Missing from the film are some of the equally disturbing recollections from the now older Briony (later played by Ramola Garai) in her position as a nurse tending to the victims of the war. It is these horrors that push Briony to remedy.

Whether you choose Joe Wright‘s film adaptation or the award-winning novel, you know what is coming. A terrible conclusion, whichever way, is always inevitable and fills you with dread throughout. The ‘running out of time’ sensation is always on your mind. Unfortunately, there are some things absent from the film that may seem like plot holes, but are actually omitted conclusions. In the novel we learn the exact moment of reason that allows Briony to realise her mistake and also the ultimate fate of Briony herself. This is present to an extent but is seemingly glossed over in the novel’s adaptation.

The surprise twist however is much more tear-jerking and heart-wrenching in the film as we watch Cecilia and Robbie live their separate lives and their relationship simultaneously before an elderly Briony (Vanessa Redgrave) reveals the truth. This aspect is mentioned simply in melancholic passing in the final chapter of the novel and is not given enough room for the reader to grieve. Perhaps this is due to the years of grief we suspect Briony has had to endure as result.

The cinematography of the film by Seamus McGarvey allows the characters to grow without all the necessary inner-thought workings that the first part of the novel provides. We can almost feel the hot, unbearable summer heat which lights the passion in Robbie and Cecilia’s lustful encounter.

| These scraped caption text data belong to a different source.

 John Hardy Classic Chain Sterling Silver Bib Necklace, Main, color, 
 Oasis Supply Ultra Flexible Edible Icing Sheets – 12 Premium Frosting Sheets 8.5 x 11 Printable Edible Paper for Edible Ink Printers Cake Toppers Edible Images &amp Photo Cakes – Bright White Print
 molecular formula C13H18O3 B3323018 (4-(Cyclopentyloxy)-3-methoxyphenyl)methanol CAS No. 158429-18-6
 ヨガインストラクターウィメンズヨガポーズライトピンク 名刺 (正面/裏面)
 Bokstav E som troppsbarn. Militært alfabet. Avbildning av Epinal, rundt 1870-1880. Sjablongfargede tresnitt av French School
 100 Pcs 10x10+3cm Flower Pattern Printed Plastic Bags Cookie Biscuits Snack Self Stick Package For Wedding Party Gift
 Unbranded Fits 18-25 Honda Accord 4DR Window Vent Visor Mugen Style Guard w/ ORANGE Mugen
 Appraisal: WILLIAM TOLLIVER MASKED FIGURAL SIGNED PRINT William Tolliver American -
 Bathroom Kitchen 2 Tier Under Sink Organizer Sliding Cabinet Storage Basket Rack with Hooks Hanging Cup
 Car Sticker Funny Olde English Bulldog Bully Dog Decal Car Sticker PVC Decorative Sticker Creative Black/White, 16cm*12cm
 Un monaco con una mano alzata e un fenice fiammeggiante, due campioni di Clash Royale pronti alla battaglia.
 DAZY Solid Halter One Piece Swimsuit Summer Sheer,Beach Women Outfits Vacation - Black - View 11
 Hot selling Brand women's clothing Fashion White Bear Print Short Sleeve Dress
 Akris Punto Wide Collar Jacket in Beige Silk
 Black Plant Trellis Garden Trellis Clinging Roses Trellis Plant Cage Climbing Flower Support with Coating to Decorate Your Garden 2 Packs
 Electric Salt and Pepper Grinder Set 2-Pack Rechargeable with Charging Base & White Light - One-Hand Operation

Overall, the novel and the film are perhaps on par in terms of narrative greatness and vivid imagery. Whilst the novel leaves a lingering taste of sadness, the film hits you with a more direct sense of desperation for Briony and the two lovers. A very haunting and poignant piece of literature indeed but the film has that extra factor of projecting McEwan’s beautiful and vivid descriptions on-screen, fully immersing you into in to the fateful summer’s day in 1935.